From the Library with Love

Information professionals help older adults parse the features and culture of online dating apps

November 1, 2019

Seniors dating
Illustration: Tom Deja

Finding love after 50 isn’t always easy. Social norms change, life events like divorce and death leave emotional scars, and it sometimes feels as if the rest of the world has already paired off.

Fortunately, there’s the library—not as a place to make romantic connections per se, but as a resource for older adults who want to learn how to navigate the world of online dating. Several public libraries have begun offering programs that help older patrons safely and effectively meet potential partners on the internet. Among those are Westport (Conn.) Public Library, Skokie (Ill.) Public Library, and Billings (Mont.) Public Library.

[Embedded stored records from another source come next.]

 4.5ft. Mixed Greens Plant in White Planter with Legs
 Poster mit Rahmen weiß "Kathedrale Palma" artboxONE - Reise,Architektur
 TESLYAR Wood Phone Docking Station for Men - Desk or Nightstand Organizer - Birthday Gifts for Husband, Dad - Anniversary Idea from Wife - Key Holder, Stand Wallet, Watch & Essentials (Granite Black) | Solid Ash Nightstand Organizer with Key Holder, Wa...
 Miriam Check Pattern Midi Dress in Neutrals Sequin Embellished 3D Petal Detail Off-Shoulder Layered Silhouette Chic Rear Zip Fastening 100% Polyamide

Darien (Conn.) Library has held online dating workshops for single older adults four times since 2015. “We were noticing older patrons using our computer lab and needing help with things such as uploading pictures and recognizing if dating sites were legitimate or not,” says Mallory Arents, who was then the library’s associate director of programs and services. “I can think of one gentleman in particular who would write a message [to send on a dating site], print it out, and ask for help proofreading it.”

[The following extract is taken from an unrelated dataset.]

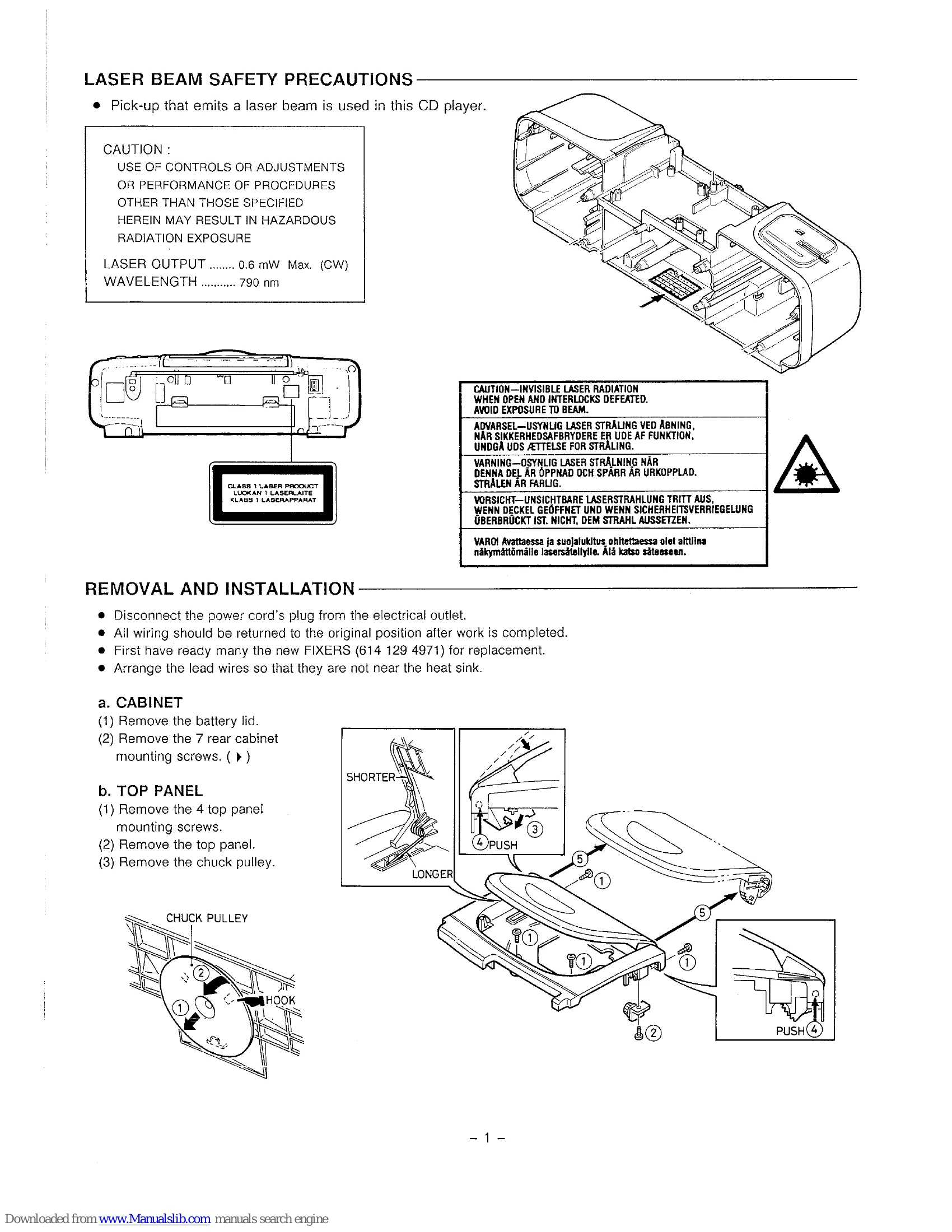 Parts/Service for MCD-Z16F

That led her to create an educational presentation about online dating, which begins with an overview of dating sites and apps from the general-interest (Match.com, Tinder) to the niche (FarmersOnly). “One of the things I want every participant to know is that no matter your interest, who you’re looking to date, or what you’re looking for in a relationship, there is something out there for you,” Arents says. She includes apps that are inclusive and target specific communities, such as HER, an app for lesbian, queer, bisexual, and bicurious women, and nonbinary people.

She also occasionally cautions participants about the quality and usability of certain dating sites and apps. “I did some research, and right off the bat I was seeing [sites and apps with] a lot of unfinished profiles, a lot of profiles with no pictures. That’s not something I can recommend as an information professional.”

No matter your interest, who you’re looking to date, or what you’re looking for in a relationship, there is something out there for you.—Mallory Arents, former director of programs and services at Darien (Conn.) Library

Strategies for successful swiping

For the next section of the workshop, which covers how online daters can describe themselves most effectively in their profiles, Arents draws on something with which just about every public librarian will be familiar: résumé-building. “I use a lot of the same tips,” she says. “What’s not successful are empty adjectives: ‘I’m smart.’ ‘I’m neat.’ That doesn’t mean much.” Instead, she recommends, supply specifics such as “I enjoy spending Saturday mornings with the crossword.”

Many older online daters are concerned about privacy and security issues. “That’s where a librarian’s job is super helpful because we know how to navigate different types of information,” she points out. “We arm patrons with what to look out for, like messages from Americans living in other countries who ask you for money, or a message from someone who wants to leave the app and talk to you elsewhere right away. We talk about not inviting someone to pick you up from your home the first time you meet, and always making sure you tell a friend where you’re going.”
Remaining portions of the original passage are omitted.